Gista menatap punggung lebar pria yang berjalan menuju balkon kamar.
“Ayo. Kemarilah, Anggista.” Panggil Dirga lagi. Ia kini sudah duduk di atas kursi dengan sebuah meja di hadapannya.
Gadis itu menghela nafas pelan. Ia kemudian turun dari atas ranjang, dan berjalan secara perlahan menuju balkon. Karena sesuatu yang tak biasa, terasa pada pangkal pahanya.
“Makan yang banyak.” Ucap Dirga sebari meletakan piring berisi telur dadar, dan daging asap di hadapan Gista.

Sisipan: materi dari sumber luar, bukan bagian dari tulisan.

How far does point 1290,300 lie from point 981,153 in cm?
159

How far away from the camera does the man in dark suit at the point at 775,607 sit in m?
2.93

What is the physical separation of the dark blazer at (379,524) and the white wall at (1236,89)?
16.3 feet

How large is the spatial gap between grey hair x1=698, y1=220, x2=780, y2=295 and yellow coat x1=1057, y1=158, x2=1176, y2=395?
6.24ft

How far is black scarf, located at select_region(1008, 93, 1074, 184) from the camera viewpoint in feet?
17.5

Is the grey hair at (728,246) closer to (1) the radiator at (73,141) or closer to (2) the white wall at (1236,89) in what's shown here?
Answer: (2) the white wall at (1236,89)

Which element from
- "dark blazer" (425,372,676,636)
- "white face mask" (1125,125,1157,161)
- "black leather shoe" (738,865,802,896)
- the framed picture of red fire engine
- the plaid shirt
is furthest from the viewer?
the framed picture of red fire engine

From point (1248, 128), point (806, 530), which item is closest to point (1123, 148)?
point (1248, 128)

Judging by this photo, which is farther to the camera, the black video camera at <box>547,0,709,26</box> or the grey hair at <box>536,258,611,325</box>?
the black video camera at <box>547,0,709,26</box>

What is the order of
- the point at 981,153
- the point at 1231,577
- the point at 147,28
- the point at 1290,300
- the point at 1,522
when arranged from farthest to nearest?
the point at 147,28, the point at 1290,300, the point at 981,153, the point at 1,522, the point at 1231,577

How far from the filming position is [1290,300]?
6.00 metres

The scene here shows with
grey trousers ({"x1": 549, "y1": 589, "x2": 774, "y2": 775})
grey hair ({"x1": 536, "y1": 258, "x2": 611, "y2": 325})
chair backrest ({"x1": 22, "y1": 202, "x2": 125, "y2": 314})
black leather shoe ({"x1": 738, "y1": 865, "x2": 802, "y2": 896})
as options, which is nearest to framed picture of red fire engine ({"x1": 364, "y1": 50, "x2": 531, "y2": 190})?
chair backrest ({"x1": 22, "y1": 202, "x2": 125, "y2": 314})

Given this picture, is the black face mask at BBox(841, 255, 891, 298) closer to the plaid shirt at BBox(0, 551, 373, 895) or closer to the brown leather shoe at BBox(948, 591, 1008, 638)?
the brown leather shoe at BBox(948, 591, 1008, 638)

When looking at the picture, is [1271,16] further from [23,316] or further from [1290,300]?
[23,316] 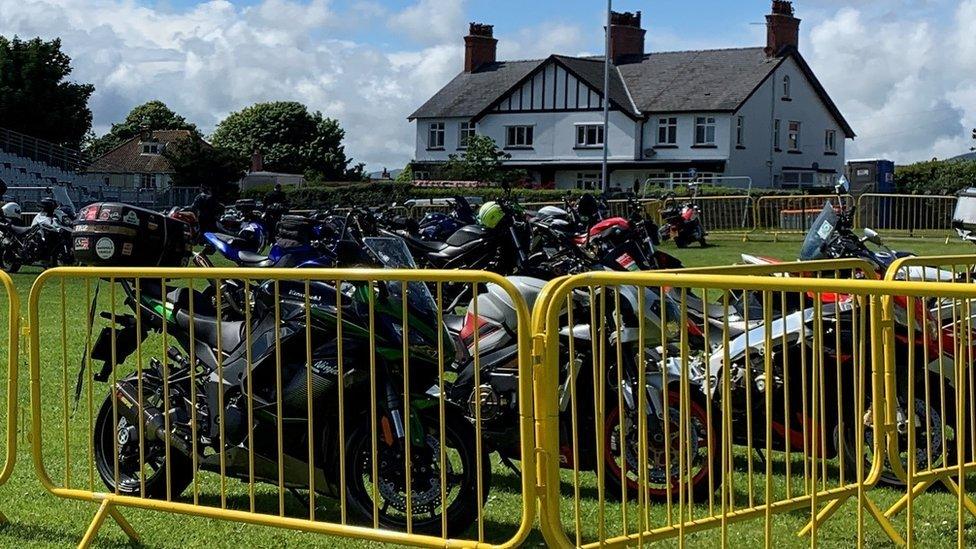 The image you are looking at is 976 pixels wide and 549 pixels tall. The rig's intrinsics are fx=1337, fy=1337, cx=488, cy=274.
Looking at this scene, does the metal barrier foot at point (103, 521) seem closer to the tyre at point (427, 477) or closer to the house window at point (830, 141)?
the tyre at point (427, 477)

“Terima kasih. Apa pak Dirga yang menyiapkan semua ini?” Tanya gadis itu mencoba bersikap santai.
“Hmm. Kamu pikir siapa?” Tanya pria itu sembari menyuap sepotong daging asap ke dalam mulutnya sendiri.
“Siapa tau pesan dari bawah?” Celetuk Gista.
“Ada banyak bahan makanan di dalam kulkas, untuk apa saya memesan dari bawah?” Pria itu berbalik melontarkan tanya.
Gista hanya mengangguk pelan. Ia pun menikmati sarapannya.
Perlakuan Dirga seperti ini, seolah-olah tidak ada ketegangan yang terjadi di antara mereka semalam.
Gista nampak berpikir, menimang. Haruskah ia menanyakan tentang sikap Dirga semalam padanya?
“Pak, apa saya boleh bertanya sesuatu?” Tanya gadis itu setelah selesai menikmati sarapan buatan sang atasan.
Dirga yang hendak menyalakan rokok, pun mengurungkan niatnya. Ia menyimpan kembali gulungan tembakau itu.
“Apa?”
“Kapan pak Dirga memakaikan saya jubah mandi?” Gadis itu menanyakan hal lain.
Ia sadar diri, hubungan yang mereka jalani hanya sebatas saling menguntungkan. Tidak seharusnya Gista berharap lebih. Apalagi, mengira jika Dirga cemburu padanya ketika melihat ia dekat dengan Bobby.
“Saya bahkan sempat membersihkan tubuh kamu.” Ucap pria itu.
Gista sungguh tidak percaya, karena ia tidak merasa tubuhnya di guyur air.
\~\~\~
Selesai membersihkan diri, Gista pun bergegas keluar kamar untuk membersihkan apartemen. Gadis itu tidak lupa akan tugasnya, meski ia berstatus simpanan Dirga.
“Pak Dirga.” Gumam Gista saat melihat pria itu duduk di atas sofa ruang tamu sembari memangku laptop.
“Tolong buatkan saya kopi, Anggista.” Ucap Dirga tanpa menoleh ke arah gadis itu.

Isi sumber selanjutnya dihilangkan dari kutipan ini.